The kingdom’s lenders collectively borrowed about $33bn in 2025, roughly three times the previous high of $10.5bn set the year before, according to Fitch Ratings.
“We thought 2024 was going to be a record year and that was going to be it,” said Redmond Ramsdale, head of Middle East banks ratings at Fitch. “And 2025 has obviously significantly exceeded that again.”
Credit growth has expanded rapidly since around 2020 because Saudi Arabia’s lenders have been helping fund much of Crown Prince Mohammed bin Salman’s “Vision 2030” trillion-dollar plan to reduce the country’s reliance on oil revenues, as well as sell mortgages in the rapidly expanding real estate market.
But that lending expansion has outpaced the growth of deposits in the kingdom, leaving the banks less able to make loans at the same blistering pace as the kingdom faces tightening liquidity after a decade of massive state spending.
The banks had been unable to match the strong credit growth “on the liability side with deposit growth and also on the capital side with internal capital generation to match”, said Ramsdale.
The ratio of loans to deposits for the 10 largest banks stood at nearly 106 per cent by the middle of 2025, according to Alvarez & Marsal, roughly 10 percentage points higher than the same period in 2023. The figure is also much higher than in neighbouring Gulf power the United Arab Emirates, whose biggest banks’ loan-to-deposit ratio is about 75 per cent.
The tight liquidity is forcing Saudi banks to look for alternative sources of financing, particularly from abroad.
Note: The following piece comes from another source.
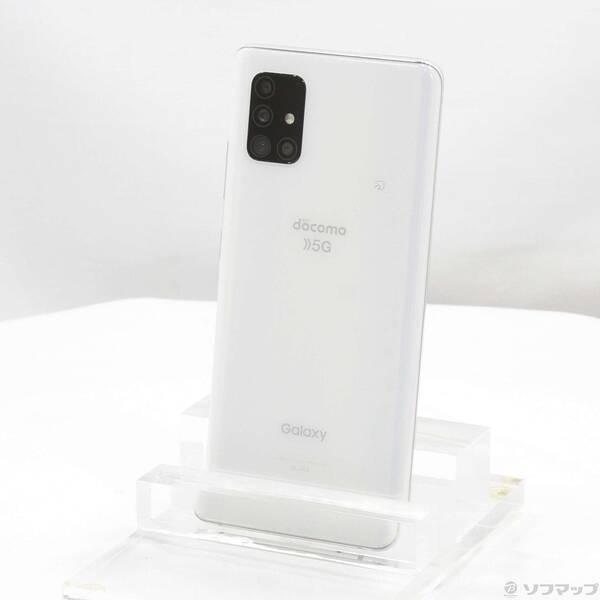 スマートフォン本体 073000C Galaxy A51(5G) SC-54A 128GB スマートフォン本体 073000C Galaxy A51(5G) SC-54A 128GB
The “banks started going into the international market to fund the gap”, said Ashraf Madani, lead analyst on Saudi banks at credit rating agency Moody’s.
Foreign funding for Saudi banks leapt from 6 per cent of the total in 2020 to 11 per cent by June 2025, according to Moody’s.
“I certainly think that the limited foreign borrowing that Saudi banks have had in the past makes them attractive to lend to for foreign investors now,” said Tim Callen, a visiting fellow at the Arab Gulf States Institute in Washington and a former IMF mission chief to Saudi Arabia. “I also think the Saudi banking system is recognised as being strong, liquid and well regulated and supervised by SAMA [the central bank], all of which are pluses for investors.”
Saudi banks are also issuing more subordinated debt, which helps them diversify their funding sources but is of a lower repayment priority and therefore riskier.
The kingdom’s banking regulator has taken note of the banks’ increased tapping of foreign funding, and in May gave them a year to strengthen their countercyclical capital buffers from zero to 1 per cent of their total risk-weighted assets.
Some analysts expect Saudi banks to moderate their lending as the kingdom works to recalibrate its ambitious economic transformation agenda amid subdued oil prices, rising debt and widening deficits. Some megaprojects — including futuristic linear city The Line, the centrepiece of the vast Neom development — are being scaled back as Riyadh focuses on events the kingdom has signed up to host such as Expo 2030 and the 2034 football World Cup.
Even though some of its megaprojects are under review, Saudi Arabia’s economy is still expanding, partly thanks to raised oil production quotas by the Opec+ group of producers and robust growth of non-oil income. The IMF on Monday raised its forecast for Saudi GDP growth this year to 4.5 per cent from 4 per cent, estimating the country’s economy had expanded 4.3 per cent in 2025.
Ihsan Buhulaiga, a Saudi economist, said traditionally risk-averse local banks should reconsider their approach.
“If economic growth continues north of 4 per cent, banks need to expand their capitalisation and revisit their risk matrix so it fits better with what’s going on in the economy, which is very serious,” he said. “You cannot just sit pretty and say ‘OK, we’ll continue as usual as we used to do in 2010.’ No, things are different now.”
Yet some rating agencies expect lending growth by banks to slow slightly. Ramsdale said Fitch was projecting loan expansion of about 13 per cent in 2025, 1 percentage point behind 2024, and a further dip to 10 per cent for 2026.
Banks are “slowing down slightly to compensate for that tighter liquidity and tighter capitalisation,” he said.
Madani said Moody’s also expected Saudi “credit growth to ease up” as financing costs for banks rise.